**Work to be completed:** Go through the entries below and count the lines where the word "subscribe" appears; give only the count.

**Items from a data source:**

*****

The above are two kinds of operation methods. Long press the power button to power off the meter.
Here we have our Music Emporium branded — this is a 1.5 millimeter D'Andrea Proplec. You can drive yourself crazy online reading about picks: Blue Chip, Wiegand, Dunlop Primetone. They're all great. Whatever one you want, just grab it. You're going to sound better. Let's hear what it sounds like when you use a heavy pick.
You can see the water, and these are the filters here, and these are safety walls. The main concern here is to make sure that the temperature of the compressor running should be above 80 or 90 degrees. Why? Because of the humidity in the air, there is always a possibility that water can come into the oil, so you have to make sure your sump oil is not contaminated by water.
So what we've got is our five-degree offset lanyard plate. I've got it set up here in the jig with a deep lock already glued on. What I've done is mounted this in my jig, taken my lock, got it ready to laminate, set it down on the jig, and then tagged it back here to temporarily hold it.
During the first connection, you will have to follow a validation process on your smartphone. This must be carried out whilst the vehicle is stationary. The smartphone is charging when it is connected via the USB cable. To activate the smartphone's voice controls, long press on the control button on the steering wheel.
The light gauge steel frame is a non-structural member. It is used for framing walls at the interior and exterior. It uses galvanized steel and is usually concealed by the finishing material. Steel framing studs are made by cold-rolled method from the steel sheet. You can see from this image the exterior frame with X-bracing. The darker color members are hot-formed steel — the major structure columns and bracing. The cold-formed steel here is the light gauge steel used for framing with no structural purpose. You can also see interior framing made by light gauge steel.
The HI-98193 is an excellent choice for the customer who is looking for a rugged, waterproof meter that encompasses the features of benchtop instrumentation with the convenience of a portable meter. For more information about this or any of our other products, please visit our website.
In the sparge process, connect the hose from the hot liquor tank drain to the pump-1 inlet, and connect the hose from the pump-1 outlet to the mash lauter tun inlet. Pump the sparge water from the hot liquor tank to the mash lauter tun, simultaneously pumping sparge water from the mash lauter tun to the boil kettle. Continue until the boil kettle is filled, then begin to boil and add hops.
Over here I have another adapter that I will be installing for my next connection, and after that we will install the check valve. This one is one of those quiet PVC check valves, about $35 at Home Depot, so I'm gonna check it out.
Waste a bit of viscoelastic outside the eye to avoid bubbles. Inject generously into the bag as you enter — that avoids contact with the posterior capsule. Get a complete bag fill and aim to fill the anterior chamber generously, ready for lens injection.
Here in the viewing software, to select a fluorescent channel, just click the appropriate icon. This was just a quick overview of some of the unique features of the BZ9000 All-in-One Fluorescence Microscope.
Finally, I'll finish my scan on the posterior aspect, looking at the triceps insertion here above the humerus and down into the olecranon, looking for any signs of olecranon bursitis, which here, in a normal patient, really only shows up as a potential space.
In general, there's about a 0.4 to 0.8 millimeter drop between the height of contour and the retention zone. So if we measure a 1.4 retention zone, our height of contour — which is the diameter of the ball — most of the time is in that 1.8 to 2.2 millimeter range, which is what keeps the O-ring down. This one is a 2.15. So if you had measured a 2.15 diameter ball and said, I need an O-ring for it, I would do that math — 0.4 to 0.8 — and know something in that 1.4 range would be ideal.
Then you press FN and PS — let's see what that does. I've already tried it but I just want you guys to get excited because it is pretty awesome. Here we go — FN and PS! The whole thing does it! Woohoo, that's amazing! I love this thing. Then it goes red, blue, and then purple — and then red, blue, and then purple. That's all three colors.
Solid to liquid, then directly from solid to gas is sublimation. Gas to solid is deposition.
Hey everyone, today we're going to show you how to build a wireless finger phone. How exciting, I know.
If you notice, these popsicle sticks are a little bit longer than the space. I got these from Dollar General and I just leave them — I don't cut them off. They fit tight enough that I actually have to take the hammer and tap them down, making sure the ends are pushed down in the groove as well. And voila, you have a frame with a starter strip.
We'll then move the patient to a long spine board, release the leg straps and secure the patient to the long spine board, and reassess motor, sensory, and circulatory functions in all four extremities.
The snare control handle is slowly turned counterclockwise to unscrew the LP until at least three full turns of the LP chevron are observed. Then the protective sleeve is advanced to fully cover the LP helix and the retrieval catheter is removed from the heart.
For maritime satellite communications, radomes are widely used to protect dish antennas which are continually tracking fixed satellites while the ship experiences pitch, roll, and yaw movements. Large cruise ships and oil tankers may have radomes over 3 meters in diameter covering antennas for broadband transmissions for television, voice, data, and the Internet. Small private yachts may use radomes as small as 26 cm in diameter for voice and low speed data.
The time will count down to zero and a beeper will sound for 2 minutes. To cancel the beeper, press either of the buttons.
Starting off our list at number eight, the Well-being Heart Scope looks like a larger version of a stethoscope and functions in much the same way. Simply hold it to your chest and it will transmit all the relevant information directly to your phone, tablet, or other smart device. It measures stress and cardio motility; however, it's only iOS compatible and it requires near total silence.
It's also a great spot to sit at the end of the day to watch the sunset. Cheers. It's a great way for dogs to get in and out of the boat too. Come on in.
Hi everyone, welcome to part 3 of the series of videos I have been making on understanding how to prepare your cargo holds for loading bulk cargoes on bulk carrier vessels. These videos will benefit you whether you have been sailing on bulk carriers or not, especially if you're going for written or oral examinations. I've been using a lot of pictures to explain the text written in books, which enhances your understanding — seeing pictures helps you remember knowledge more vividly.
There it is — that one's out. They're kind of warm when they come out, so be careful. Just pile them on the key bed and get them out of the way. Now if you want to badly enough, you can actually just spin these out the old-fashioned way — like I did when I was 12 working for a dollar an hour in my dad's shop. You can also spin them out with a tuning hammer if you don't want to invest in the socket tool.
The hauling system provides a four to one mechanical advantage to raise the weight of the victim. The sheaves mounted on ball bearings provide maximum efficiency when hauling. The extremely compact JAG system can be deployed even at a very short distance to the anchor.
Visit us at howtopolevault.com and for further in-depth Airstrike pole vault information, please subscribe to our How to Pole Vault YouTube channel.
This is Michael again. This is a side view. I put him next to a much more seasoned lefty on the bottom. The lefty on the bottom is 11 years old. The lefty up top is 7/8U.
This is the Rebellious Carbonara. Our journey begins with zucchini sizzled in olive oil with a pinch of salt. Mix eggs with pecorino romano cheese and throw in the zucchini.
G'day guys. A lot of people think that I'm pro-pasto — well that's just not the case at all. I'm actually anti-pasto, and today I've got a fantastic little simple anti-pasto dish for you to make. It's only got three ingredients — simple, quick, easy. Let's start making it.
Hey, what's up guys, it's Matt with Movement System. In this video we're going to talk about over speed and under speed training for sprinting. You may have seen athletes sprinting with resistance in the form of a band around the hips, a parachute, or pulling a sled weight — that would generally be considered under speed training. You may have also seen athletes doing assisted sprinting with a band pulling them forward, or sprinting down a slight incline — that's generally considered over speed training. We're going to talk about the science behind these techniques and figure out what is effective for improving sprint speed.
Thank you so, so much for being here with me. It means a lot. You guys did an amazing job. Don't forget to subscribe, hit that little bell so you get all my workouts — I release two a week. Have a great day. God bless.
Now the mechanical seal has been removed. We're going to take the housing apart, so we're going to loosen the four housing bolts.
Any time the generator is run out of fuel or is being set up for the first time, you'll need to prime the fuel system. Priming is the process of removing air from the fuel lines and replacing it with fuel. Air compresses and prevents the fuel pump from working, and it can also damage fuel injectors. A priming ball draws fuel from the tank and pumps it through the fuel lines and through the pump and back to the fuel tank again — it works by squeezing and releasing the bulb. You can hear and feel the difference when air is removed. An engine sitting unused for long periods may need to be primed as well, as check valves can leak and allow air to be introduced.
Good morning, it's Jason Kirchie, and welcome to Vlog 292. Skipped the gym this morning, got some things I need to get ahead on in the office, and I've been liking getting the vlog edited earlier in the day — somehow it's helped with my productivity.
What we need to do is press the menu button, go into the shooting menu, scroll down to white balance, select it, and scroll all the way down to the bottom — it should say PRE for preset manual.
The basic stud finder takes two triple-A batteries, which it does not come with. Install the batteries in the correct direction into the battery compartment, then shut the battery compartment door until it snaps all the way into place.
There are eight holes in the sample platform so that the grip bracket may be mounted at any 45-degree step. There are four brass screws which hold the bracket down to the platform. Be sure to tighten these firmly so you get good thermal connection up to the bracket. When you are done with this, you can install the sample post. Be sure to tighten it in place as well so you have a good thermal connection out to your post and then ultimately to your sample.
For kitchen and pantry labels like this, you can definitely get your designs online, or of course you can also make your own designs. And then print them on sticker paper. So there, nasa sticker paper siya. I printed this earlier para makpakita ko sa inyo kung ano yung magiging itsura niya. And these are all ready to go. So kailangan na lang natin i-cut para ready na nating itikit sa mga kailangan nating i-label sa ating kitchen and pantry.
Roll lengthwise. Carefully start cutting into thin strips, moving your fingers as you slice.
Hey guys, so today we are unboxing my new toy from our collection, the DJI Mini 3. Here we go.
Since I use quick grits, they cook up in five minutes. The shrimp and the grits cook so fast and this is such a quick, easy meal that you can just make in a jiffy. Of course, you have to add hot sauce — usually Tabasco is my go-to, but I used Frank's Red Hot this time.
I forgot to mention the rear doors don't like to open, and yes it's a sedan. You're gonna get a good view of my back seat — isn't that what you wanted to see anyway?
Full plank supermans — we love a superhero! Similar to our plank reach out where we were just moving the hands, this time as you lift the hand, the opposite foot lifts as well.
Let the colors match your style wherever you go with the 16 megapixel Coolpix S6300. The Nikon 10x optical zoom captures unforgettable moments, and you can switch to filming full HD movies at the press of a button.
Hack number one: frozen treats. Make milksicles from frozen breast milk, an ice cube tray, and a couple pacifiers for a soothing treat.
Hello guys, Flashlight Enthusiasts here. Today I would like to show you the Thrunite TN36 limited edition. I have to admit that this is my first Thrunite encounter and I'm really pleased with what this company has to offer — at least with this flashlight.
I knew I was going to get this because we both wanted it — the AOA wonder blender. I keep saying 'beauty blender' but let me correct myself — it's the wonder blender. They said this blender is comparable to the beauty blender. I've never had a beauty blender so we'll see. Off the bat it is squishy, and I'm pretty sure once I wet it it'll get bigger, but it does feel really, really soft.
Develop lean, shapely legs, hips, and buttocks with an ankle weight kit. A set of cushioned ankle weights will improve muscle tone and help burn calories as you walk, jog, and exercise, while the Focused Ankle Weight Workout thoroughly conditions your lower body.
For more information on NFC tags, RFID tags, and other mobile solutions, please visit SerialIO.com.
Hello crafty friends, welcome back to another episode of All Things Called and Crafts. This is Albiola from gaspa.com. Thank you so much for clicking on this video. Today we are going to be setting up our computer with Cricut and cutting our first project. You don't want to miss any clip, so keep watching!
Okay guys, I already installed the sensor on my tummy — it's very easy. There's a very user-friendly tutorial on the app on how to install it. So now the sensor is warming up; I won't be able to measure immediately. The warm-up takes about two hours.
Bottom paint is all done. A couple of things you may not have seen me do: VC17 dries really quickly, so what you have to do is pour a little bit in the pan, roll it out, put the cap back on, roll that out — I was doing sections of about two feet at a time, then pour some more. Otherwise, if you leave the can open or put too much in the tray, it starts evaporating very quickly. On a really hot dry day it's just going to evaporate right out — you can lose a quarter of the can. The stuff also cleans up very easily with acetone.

*****

**Output of the task:** 2